Aim of the task
Repeat word for word, please, only the lines from the one that includes "万宁美亚通用机场最新资讯更新概况" through the final line of the data.

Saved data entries

---+---

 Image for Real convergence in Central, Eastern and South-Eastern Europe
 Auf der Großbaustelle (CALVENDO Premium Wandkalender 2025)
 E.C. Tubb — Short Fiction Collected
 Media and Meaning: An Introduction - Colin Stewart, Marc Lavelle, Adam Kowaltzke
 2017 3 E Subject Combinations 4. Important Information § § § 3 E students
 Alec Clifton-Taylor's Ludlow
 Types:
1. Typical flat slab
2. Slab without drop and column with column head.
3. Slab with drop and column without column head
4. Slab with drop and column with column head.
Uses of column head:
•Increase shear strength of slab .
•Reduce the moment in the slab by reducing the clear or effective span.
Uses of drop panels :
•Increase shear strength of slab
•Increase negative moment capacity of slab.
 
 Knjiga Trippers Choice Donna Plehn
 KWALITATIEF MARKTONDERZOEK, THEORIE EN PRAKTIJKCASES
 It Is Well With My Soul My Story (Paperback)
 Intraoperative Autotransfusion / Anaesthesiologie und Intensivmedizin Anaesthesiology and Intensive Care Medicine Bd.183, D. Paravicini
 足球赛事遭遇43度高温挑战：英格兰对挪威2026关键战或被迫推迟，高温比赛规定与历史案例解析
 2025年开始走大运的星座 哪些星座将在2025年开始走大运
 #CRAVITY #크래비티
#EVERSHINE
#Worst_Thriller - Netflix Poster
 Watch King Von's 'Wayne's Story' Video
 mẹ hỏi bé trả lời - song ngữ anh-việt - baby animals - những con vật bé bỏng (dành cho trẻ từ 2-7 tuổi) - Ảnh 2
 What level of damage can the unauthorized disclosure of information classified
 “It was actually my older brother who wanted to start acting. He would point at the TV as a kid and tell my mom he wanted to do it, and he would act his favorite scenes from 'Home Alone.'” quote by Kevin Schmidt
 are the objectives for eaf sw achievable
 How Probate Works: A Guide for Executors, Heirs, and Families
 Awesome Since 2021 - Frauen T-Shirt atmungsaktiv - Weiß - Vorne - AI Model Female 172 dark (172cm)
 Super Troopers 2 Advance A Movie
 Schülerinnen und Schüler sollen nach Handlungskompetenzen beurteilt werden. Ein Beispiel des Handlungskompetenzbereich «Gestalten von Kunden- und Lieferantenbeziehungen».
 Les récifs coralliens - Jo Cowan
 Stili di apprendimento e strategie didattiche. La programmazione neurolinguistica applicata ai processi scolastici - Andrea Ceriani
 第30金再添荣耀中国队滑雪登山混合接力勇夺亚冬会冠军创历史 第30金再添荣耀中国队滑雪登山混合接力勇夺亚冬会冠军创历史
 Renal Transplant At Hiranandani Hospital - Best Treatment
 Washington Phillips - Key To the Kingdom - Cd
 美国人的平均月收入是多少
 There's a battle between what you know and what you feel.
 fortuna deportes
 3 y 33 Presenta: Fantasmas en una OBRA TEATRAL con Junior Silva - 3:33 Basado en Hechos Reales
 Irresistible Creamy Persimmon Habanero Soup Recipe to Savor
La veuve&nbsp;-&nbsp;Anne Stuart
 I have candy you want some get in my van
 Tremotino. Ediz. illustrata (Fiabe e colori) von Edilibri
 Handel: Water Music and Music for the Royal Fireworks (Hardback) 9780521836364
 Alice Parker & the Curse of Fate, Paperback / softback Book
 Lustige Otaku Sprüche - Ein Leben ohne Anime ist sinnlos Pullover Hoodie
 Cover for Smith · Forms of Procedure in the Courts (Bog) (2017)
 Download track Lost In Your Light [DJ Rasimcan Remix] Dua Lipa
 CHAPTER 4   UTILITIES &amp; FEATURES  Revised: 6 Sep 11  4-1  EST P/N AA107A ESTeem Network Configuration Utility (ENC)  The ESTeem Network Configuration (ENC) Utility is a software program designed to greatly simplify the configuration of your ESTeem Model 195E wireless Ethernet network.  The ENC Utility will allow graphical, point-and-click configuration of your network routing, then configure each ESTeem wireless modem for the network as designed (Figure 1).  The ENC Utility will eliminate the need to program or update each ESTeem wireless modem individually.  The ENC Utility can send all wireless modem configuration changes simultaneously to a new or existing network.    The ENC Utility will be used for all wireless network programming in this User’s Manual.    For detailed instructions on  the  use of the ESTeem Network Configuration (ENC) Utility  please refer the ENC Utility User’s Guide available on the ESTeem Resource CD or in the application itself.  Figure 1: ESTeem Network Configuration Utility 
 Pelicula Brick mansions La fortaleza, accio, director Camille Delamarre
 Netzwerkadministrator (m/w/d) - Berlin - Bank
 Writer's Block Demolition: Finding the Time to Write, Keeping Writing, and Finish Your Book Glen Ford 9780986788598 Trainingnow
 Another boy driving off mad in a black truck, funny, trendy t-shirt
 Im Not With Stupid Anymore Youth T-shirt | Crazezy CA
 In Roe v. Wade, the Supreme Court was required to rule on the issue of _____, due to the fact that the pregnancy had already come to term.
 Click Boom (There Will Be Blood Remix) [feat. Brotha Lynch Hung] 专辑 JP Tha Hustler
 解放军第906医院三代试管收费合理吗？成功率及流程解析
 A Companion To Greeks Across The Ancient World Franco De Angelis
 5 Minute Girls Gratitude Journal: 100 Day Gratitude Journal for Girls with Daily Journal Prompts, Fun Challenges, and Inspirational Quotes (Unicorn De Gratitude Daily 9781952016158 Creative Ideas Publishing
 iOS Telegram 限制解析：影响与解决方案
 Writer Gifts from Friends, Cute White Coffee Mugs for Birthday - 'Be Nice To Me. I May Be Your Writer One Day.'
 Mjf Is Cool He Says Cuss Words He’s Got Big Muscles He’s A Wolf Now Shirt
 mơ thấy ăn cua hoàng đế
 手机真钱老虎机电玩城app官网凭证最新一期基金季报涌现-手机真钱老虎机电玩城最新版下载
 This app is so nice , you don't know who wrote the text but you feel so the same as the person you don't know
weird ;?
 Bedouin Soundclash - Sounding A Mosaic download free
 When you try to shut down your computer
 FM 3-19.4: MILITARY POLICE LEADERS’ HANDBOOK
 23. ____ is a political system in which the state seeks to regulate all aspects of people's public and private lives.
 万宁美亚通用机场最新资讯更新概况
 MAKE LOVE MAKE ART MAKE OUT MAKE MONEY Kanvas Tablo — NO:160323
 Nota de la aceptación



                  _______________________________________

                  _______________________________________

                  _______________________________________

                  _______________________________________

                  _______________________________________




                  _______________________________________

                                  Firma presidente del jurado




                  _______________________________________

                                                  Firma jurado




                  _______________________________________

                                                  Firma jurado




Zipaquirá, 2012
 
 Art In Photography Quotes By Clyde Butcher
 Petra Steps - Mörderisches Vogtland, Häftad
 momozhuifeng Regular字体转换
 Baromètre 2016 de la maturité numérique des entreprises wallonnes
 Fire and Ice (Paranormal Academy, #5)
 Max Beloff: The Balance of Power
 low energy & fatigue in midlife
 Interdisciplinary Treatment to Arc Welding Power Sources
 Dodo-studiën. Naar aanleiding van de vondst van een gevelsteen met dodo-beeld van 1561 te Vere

---+---

Exercise result
 万宁美亚通用机场最新资讯更新概况
 MAKE LOVE MAKE ART MAKE OUT MAKE MONEY Kanvas Tablo — NO:160323
 Nota de la aceptación



                  _______________________________________

                  _______________________________________

                  _______________________________________

                  _______________________________________

                  _______________________________________




                  _______________________________________

                                  Firma presidente del jurado




                  _______________________________________

                                                  Firma jurado




                  _______________________________________

                                                  Firma jurado




Zipaquirá, 2012
 
 Art In Photography Quotes By Clyde Butcher
 Petra Steps - Mörderisches Vogtland, Häftad
 momozhuifeng Regular字体转换
 Baromètre 2016 de la maturité numérique des entreprises wallonnes
 Fire and Ice (Paranormal Academy, #5)
 Max Beloff: The Balance of Power
 low energy & fatigue in midlife
 Interdisciplinary Treatment to Arc Welding Power Sources
 Dodo-studiën. Naar aanleiding van de vondst van een gevelsteen met dodo-beeld van 1561 te Vere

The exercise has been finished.